Why Should I Improve My Grip?

This might seem pretty obvious, but some people might not properly understand the implications of grip and exercise – and how it relates to form as well as how the muscles get worked.

You see there’s a mechanism whereby the harder you can contract a muscle, the more you will get out of the surrounding muscles. If you have a heck of a grip and squeeze the living daylights out of stuff, then that will translate in to increased strength throughout any lift that requires a grip element.

This is one aspect of the influence grip has on muscles.

Grip also influences form to a lesser or greater degree depending on how important it is to an exercise. Put simply, if you are struggling to hold a weight of any kind, then you are unlikely to be able to concentrate on form – and form is pretty darn important. (I will discuss what constitutes “good form” in a later article).

This leads to a kind of opportunity cost in a second aspect of grip’s influence on muscles; if grip is not an issue (read: you have a plentifully strong grip) then you can focus on form.

And focusing on form allows you in turn to really feel the appropriate muscles working. Put simply, if your form sucks then you will be unable to have an effective workout.

So How Do I Improve My Grip?

Luckily this is pretty simple. Lets start by answering the question in the title, since this will in part carry over to improving grip in general.

1. The first thing is chalk.
Get chalk.

If your gym does not allow you to use chalk, then either buy liquid chalk and be sneaky or move to a better gym. I am dead serious about this; if you have never used chalk before then you simply do not understand how huge an effect it has on the quality of your workouts.

Once you go chalk, you will never go balk? You get the idea…

Chalk works by neutralising the slippiness (technical term) of sweaty palms and shiny bars. This allows you to exert less energy in the task of preventing the bar slipping, which means you can focus on form and feel your muscles working.

If you find your grip going on that final set then chalk will give you the edge you need.

2. Use a mixed grip
So regular grip is called double-overhand – both your hands wrap over the bar with your palms facing you. This is fine for light weight, but it creates a tendency with heavier weights for the bar to want to “roll” towards you – this obviously makes the job your grip has to do way harder.
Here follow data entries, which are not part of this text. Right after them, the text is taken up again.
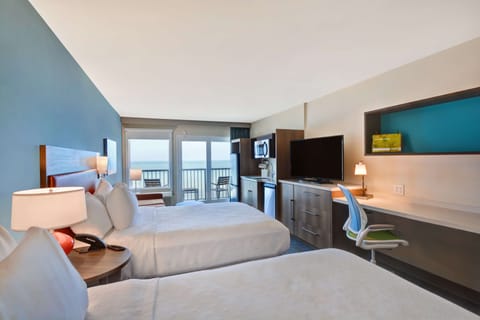 Studio Suite, 2 Queen Beds (Oceanfront view) | Pillowtop beds, individually decorated, individually furnished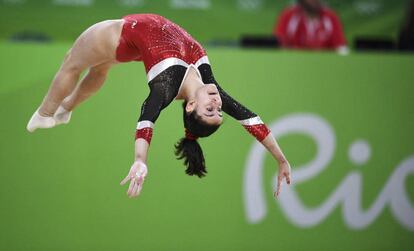 A espanhola Ana Pérez, durante sua participação numa prova da ginástica artística.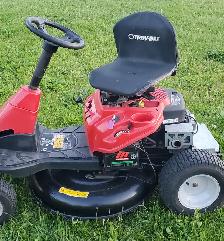 Troy-Bilt 30-in Lawn Tractor - Photo 3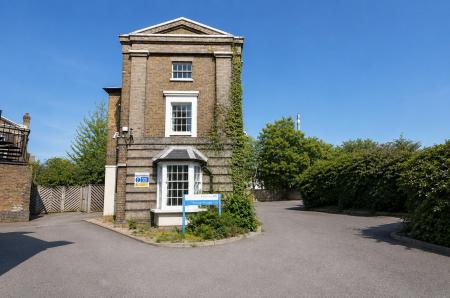 Media image 01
The double overhand grip – you can see how this would allow the bar to roll towards the lifter

A mixed grip solves this by having one palm facing away from you – now the rolling forces counteract each other and friction takes over instead, making it easier for you to hold heavier weights. If you are unable to use chalk, this can stand in its stead pretty well.

The mixed grip

To use the mixed grip properly, ensure that you alternate your grip for every set, and perform an equal number of sets with each variation. In addition, you should add in 8 – 14 sets of biceps curls a week if you aren’t already – this is to help prevent biceps tears in the hand with palm facing out.

So those are your grip-fixers for the deadlift – they will make an immediate and noticeable impact, even if you gain no strength whatsoever. The improvement in grip reliability will make your deadlift sessions way more productive. But what about if you want to increase grip strength in general? Well, as a bonus, here are two grip-strengthening exercises I have personally had success with:

1. Plate Pinches
These are pretty much what they sound like; take a weight plate, pinch it (if it has handles, pinch where the handles aren’t) and do that for time. Start out light, and aim for 30 seconds. Once you can hit that you can move up to a heavier weight. Just a few sessions of doing these makes a noticeable difference in my experience.
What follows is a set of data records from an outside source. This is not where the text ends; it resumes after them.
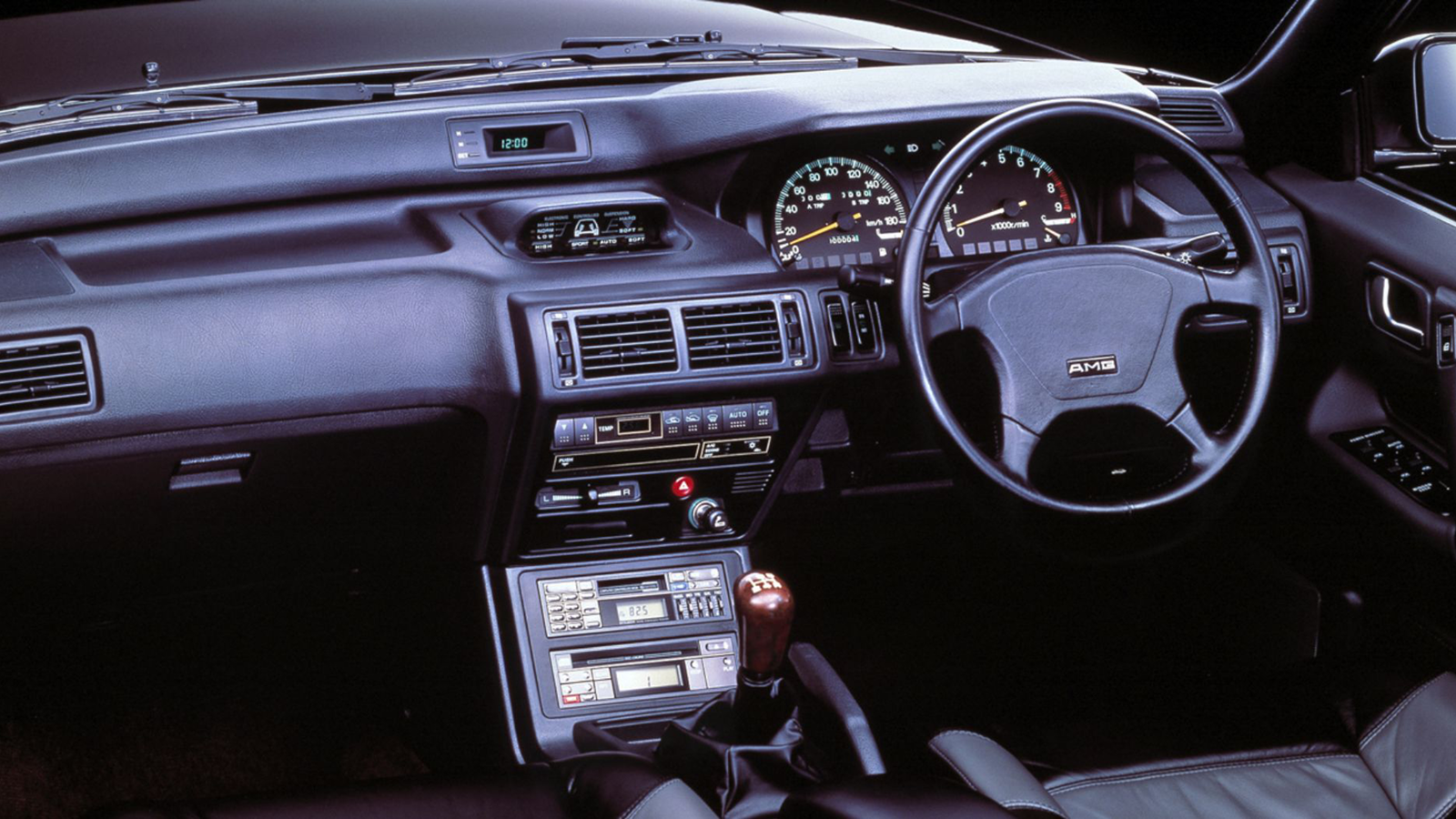 Mitsubishi Galant AMG, interior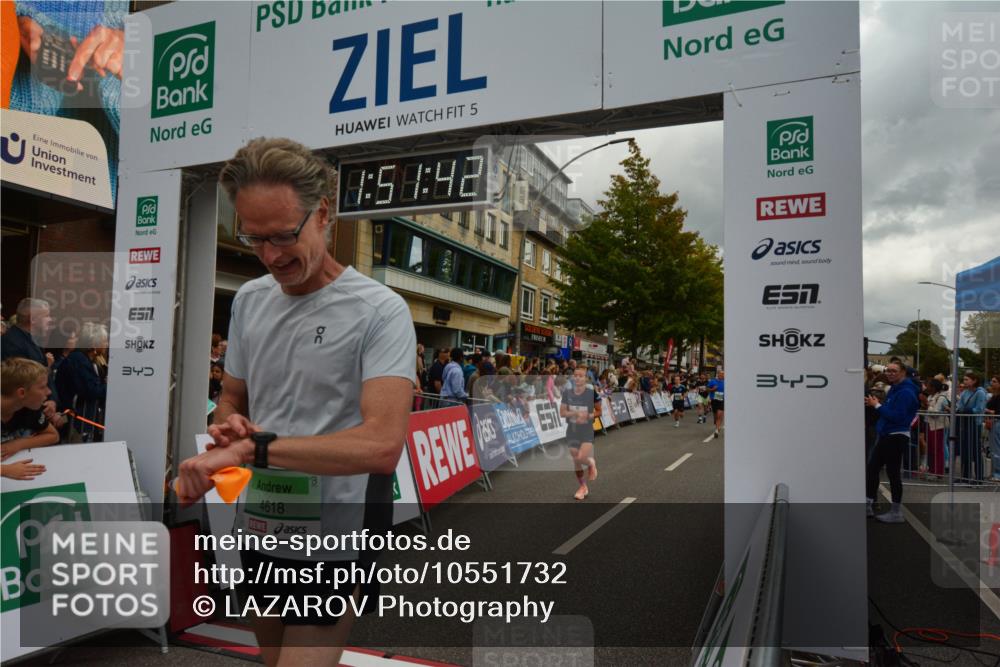 20.09.2026 - PSD Bank Halbmarathon LAZAROV Photography http://msf.ph/oto/10551732 20.09.2026 11:51:42 Ziel 1157, 1169, 1356, 2463, 2503, 2685, 2814, 3074, 3866, 4031, 4102, 4579, 4618, 4737 meine-sportfotos.de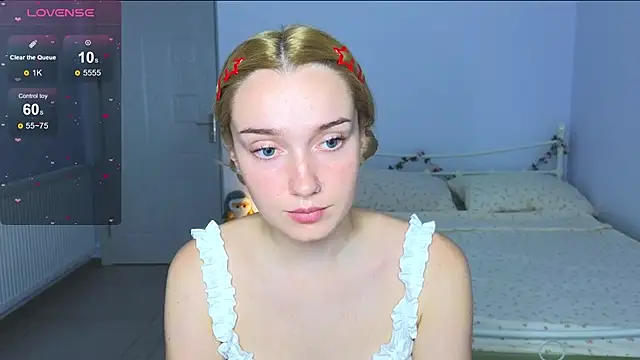 Wild Sophie  online show from October 11, 6:32 pm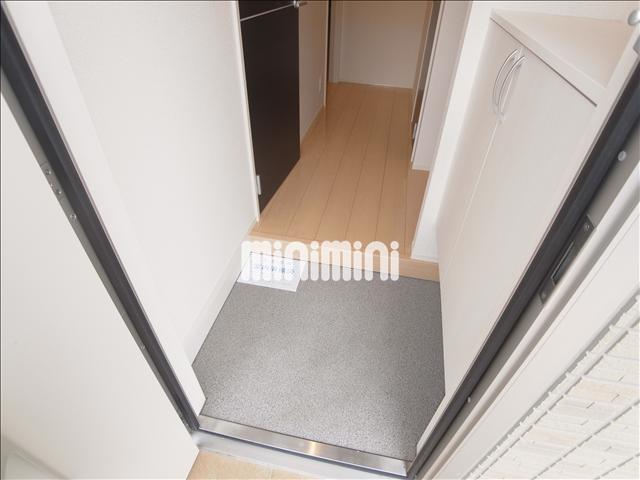 玄関　玄関スペース、下駄箱あります。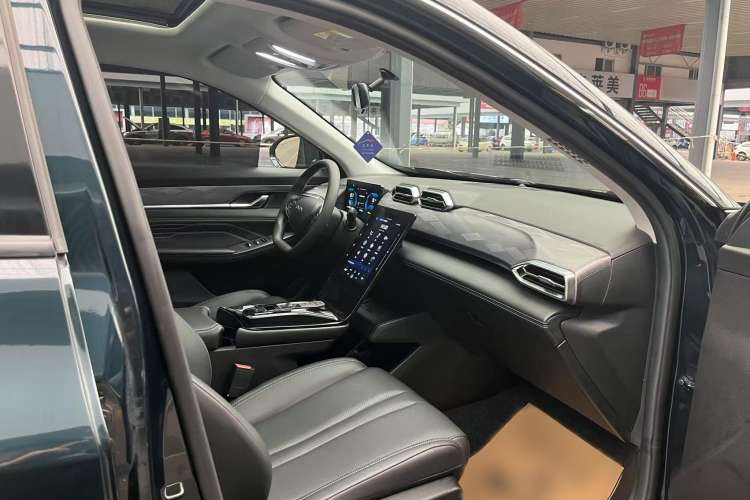 Used Dongfeng Aeolus Mage 2024 Honor Edition 1.5T Fashion Model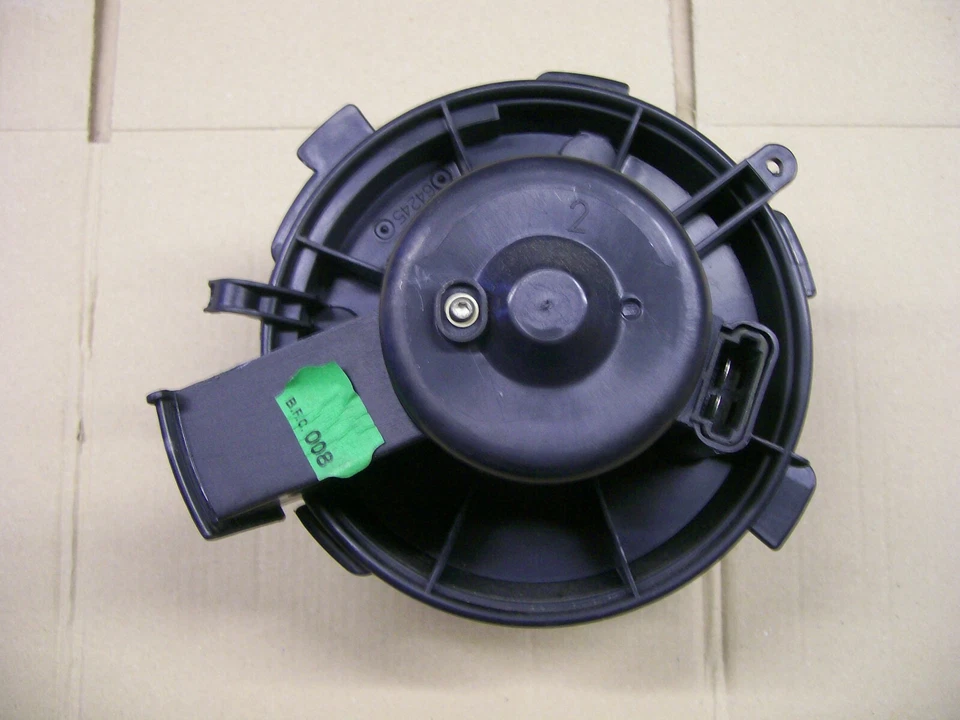 PEUGEOT 206 CALENTADOR VENTILADOR MOTOR APAGADO 2002 REG 3 PUERTAS 64245 BEHR Foto 2 de 4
The plate pinch – do both hands at the same time, and drop both sides when the weaker hand goes

2. Towel pullups
These are an incredibly challenging exercise and are a bit of a step up from plate pinches – even if you’re good at pullups these will be tough and demonstrate just how important grip is to movements which require it. Sling two sturdy towels that you don’t care about over a flat bar, twist them together then grab hold of the dangling bits (no laughing at the back!).

The phenomenal Ross Enamait performing the towel pullup

Now try and do as many pullups as your grip will allow – this will likely be fewer pullups than you can manage normally so shouldn’t interfere with the rest of your training too much.

Again just a couple of weeks of these will make a noticeable difference.


So there you have it – simple and quick fixes that you can start doing today (or at your next workout). These tips could instantly add 10kg/22lbs to your deadlift, and will also help you feel your muscles working properly and fix your form.

All good shit.

Just don’t come crying to me when your forearms hurt!